The front of our ‘home away from home’ in Swaziland. If you look closely you can see the security bars on the windows. The dark rectangular shape on the roof is an experimental solar heater for the geyser (hot water heater) made from black plastic pipe.
When we leave the house there is a similar routine of locking doors and gates. We have a remote device that we take with us, which has four buttons on it. One button is to open and close the garage door, the second button sets the alarm (there are bright LED lights in two of the house windows to indicate the alarm status), the third button opens the fence gate to drive out (it closes automatically once the car passes through) and one is a ‘panic’ button — pushing that one results in alerting TWR staff and a rapid response team from the security company. Of course the car has its own start-up sequence using its own remote button, plus hidden switch inside, which Virginia mentioned in her previous post. There is a similar reverse routine to return to the house.
Should the alarm sound while we are gone, it will call our cell phone as well as the cell phones of two other staff members. I think the security company is also alerted.

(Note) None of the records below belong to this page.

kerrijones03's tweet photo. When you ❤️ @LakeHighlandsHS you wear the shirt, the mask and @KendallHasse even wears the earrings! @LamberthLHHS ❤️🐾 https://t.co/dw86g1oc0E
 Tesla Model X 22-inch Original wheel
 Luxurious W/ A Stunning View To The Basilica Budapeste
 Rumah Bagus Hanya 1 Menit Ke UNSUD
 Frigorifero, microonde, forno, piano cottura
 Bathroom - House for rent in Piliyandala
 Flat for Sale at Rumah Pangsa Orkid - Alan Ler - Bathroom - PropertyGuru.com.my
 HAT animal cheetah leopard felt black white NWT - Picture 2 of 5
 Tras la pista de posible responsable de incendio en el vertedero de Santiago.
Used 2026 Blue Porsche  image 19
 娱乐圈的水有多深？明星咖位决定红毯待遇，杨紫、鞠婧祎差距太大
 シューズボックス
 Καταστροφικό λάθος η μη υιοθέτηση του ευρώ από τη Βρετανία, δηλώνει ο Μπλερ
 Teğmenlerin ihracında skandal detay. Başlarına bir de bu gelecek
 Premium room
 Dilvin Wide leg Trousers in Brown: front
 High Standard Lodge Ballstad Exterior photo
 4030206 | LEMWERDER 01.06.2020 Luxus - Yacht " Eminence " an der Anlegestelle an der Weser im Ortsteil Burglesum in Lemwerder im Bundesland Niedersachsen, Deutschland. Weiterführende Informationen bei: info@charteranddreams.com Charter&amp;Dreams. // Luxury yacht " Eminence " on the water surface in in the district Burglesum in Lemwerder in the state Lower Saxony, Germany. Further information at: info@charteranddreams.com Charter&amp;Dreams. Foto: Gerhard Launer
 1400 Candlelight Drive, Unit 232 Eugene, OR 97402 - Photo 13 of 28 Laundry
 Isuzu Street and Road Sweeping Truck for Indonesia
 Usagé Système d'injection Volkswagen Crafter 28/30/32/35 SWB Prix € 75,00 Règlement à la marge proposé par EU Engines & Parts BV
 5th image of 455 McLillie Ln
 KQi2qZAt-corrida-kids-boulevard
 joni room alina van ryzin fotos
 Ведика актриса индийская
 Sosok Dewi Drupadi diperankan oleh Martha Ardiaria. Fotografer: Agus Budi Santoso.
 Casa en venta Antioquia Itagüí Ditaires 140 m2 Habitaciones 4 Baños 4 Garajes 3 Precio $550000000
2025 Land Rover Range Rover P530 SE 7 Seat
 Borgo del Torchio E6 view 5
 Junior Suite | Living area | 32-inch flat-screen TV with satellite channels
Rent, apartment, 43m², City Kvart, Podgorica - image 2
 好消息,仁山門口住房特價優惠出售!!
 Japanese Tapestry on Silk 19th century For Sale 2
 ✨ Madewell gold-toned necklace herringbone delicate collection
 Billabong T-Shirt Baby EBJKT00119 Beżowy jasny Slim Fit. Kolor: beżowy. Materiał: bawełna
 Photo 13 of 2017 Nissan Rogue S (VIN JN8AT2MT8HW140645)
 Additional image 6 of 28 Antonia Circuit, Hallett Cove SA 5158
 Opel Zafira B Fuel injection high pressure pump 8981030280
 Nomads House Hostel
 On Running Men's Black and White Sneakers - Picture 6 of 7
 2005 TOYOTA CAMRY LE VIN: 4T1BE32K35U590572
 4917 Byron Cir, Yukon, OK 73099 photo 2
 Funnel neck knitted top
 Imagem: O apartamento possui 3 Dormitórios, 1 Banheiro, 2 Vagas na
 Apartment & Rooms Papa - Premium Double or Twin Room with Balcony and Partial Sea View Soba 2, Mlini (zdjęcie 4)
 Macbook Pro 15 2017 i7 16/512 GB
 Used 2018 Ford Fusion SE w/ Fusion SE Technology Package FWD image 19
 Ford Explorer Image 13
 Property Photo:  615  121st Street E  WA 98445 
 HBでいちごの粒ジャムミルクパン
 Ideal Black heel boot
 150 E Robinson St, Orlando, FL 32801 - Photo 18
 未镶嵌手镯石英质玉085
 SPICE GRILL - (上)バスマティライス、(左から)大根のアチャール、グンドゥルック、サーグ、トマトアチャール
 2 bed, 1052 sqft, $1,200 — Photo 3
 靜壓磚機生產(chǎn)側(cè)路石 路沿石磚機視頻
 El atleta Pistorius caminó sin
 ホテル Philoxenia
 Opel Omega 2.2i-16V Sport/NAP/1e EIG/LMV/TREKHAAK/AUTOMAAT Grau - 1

Many of the gates for vehicles are automatic and controlled with remote buttons carried in the vehicles. In addition, many of the gates can be opened by a call to a cell phone incorporated within that gate’s controls. The gate’s cell phone determines whether a valid number is calling before opening the gate. Since the gate phone never actually ‘answers’, there is no fee charged to either phone. If someone arrives at the gate off the main road which is about five miles from the site, that person can call the site, or other person with a valid phone, who can then open the gate by calling that gate’s cell phone number. If I should forget my remote gate opener, I can pull out my cell phone and call the gate’s cell phone number myself and not incur a fee to do so. If I forget both the remote and cell phone, it would be a long walk to the site or a long drive back home!